_Task to complete_.
Below is a listing; retype exactly the lines between the one containing "Zoe_Axel1's Webcam Show" and the one containing "5574 Trish Ct, Redding, CA 96003 photo 5", inclusive, minus the pictures.

_Entries shown_.
═══
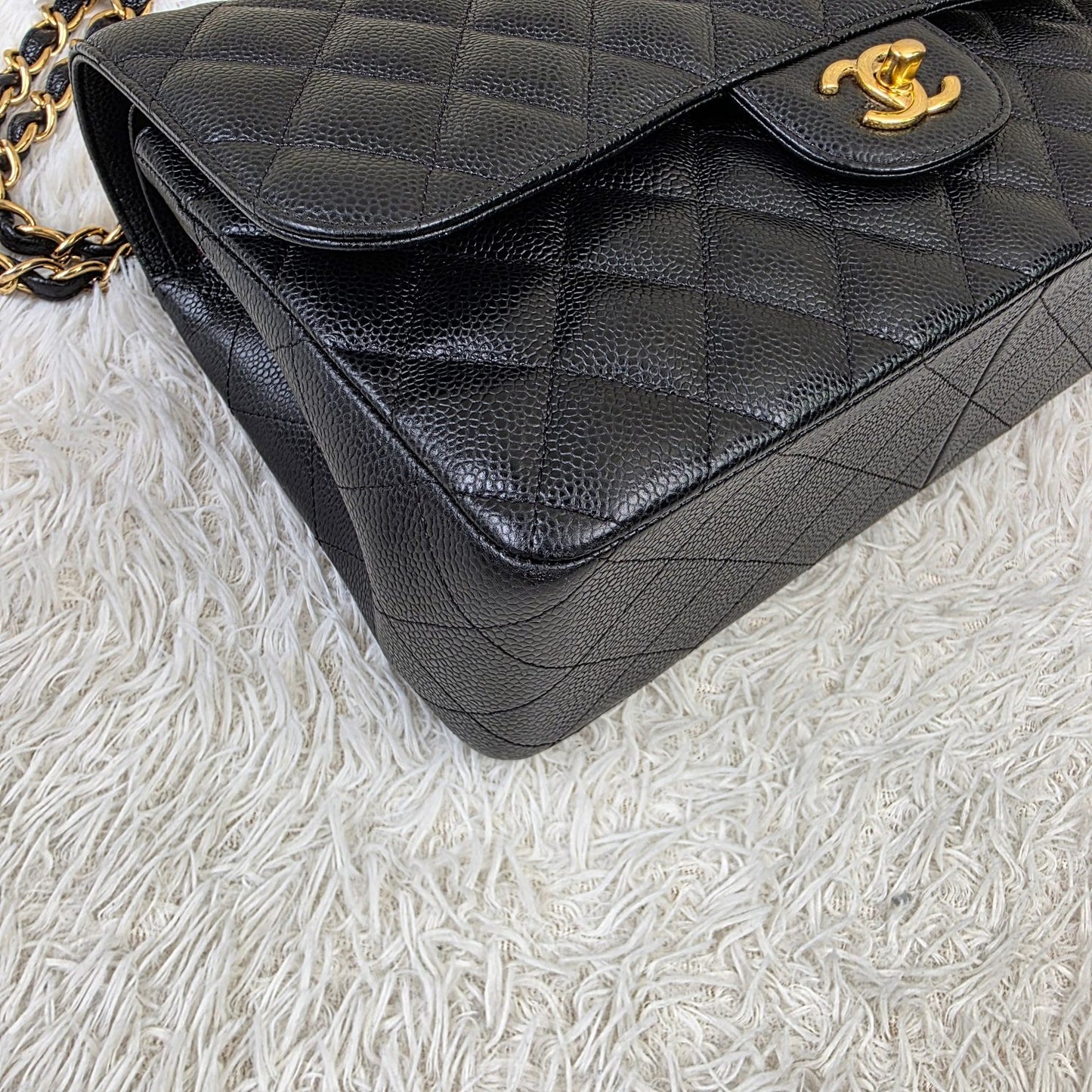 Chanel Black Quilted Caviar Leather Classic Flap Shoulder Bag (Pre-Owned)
═══
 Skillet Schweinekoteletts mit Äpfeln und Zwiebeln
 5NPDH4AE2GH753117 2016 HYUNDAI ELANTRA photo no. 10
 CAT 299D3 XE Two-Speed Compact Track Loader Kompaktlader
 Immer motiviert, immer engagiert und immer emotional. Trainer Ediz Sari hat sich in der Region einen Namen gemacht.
═══
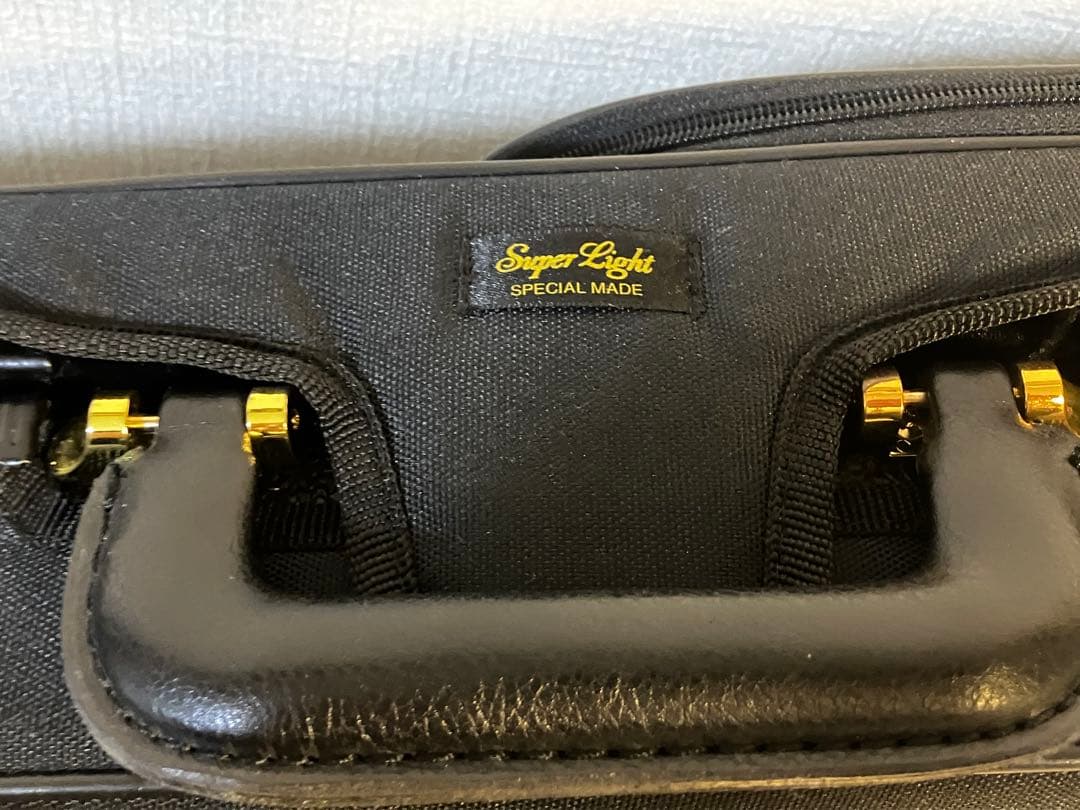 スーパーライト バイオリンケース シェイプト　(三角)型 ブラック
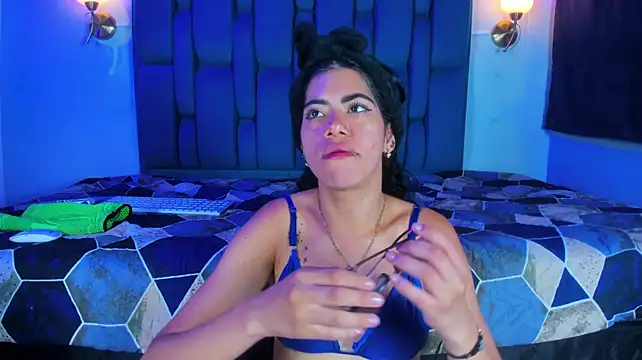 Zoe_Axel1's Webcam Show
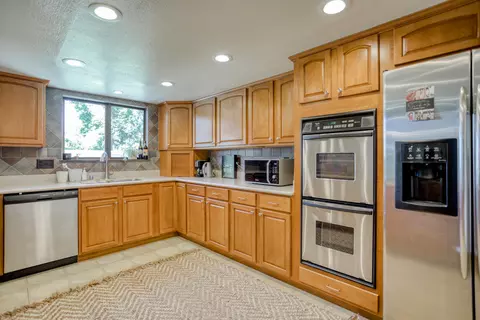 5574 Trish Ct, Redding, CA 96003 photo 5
═══
_Solution_.
 Zoe_Axel1's Webcam Show
 5574 Trish Ct, Redding, CA 96003 photo 5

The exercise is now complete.